Your workers spend a significant portion of their lives at work, so as an employer you want them to take workplace safety seriously. But between job stresses and the everyday rush to get the job done, safety culture might not be at the top of everyone’s list of priorities. Here are a few things you can do as a manager to make sure your employees are safe on the job.
One of the most important things in creating a safer workplace culture is accountability. If accidents happen but are overlooked, underreported, or worse ignored completely, the company is on track for tragedy before anyone knows there is even a problem. By reviewing accidents with management and with employees after they occur helps everyone better understand the situation, the risk that led to the accident, and what could have been done to avoid such risks in the future. While such reviews might seem like a large investment, the reduction in on-site accidents and incidents will result in greater return on investment than avoiding the issue ever could.

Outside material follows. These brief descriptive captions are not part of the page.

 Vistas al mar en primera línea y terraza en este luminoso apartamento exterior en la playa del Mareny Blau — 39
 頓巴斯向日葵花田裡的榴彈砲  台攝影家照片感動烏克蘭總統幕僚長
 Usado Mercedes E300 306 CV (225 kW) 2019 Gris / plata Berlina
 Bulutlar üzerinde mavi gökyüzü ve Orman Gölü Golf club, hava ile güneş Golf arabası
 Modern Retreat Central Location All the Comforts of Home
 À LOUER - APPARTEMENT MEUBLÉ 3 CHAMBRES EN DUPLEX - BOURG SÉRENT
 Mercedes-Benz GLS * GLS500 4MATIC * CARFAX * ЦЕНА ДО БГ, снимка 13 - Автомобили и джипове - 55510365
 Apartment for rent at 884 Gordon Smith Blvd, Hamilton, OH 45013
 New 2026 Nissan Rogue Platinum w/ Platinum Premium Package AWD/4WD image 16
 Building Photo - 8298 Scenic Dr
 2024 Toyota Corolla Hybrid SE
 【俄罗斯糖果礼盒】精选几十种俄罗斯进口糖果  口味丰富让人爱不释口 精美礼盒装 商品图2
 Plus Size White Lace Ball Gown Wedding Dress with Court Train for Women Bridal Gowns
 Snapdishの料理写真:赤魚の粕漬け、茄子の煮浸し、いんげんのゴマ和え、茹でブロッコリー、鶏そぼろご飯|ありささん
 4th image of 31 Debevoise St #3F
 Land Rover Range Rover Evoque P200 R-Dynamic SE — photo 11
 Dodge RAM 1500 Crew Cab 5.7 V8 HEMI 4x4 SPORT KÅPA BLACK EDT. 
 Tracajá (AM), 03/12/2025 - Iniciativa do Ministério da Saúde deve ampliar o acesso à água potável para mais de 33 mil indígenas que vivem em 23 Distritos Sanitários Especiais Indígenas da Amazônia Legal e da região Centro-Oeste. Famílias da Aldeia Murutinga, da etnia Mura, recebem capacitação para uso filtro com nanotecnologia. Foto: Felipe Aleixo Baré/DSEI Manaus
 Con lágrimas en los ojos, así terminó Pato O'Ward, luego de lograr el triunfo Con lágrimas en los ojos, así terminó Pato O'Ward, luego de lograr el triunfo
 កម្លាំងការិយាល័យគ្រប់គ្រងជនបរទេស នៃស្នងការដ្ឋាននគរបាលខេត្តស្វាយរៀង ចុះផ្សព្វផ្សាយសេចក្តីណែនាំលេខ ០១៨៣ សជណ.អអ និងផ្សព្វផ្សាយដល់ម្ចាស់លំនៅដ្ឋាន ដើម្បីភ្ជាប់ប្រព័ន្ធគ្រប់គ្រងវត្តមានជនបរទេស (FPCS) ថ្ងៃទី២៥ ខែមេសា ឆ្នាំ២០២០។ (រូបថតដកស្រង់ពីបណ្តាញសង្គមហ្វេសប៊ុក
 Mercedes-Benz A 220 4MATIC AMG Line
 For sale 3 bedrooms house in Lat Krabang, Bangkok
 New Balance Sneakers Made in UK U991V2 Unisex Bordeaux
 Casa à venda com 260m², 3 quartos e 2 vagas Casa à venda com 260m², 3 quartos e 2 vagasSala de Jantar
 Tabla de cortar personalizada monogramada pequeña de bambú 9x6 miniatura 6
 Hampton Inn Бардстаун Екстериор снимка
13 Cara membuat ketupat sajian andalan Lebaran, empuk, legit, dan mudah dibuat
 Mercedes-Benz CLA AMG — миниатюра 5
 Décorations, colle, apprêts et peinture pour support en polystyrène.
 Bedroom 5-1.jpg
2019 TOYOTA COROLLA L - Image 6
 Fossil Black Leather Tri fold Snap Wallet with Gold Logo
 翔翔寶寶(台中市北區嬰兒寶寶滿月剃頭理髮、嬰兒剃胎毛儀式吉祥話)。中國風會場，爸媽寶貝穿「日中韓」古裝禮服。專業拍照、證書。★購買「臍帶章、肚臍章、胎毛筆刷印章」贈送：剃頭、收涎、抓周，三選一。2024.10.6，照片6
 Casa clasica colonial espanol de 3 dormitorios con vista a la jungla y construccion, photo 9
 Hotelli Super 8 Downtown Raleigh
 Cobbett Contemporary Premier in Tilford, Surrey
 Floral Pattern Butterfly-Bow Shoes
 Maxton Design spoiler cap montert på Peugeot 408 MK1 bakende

Another investment that can lead to a safer overall workplace is random drug screenings for current employees. Workers who show up for their shifts drunk or otherwise under the influence expose the job site as a whole to greater safety risks than should be allowed. By implementing a random drug testing program where employees don’t know when they will need to be tested can encourage staff to stay sober or risk losing their jobs.
Wellness is a combination of strong health, good exercise, eating and sleeping well, and general work-life-balance. By encouraging and supporting employees to be healthy, whether by being conscious of external factors, limiting overtime, providing health and wellness benefits, etc., employees will be more balanced in their lives and more able to stay safe on the job.
Allow employees to make changes as needed for them to be more efficient and safer on the job. Ask for feedback about safety, about the work environment, about the culture. Remember that these employees do the work they do every day, they know what changes will result in a safer, more positive environment.
Safety should be everyone’s responsibility, not just managers or supervisors. By developing a workplace with a strong safety culture built from the ground up, your team members will be more supportive of the safety and wellness programs you implement and will even self-enforce to a point. To build a safety culture, you need to ensure that everyone knows the risks, the proper procedures, and the benefits to better workplace safety. Open communication will help to get everyone on board, and at the same time show your commitment to their safety and wellbeing.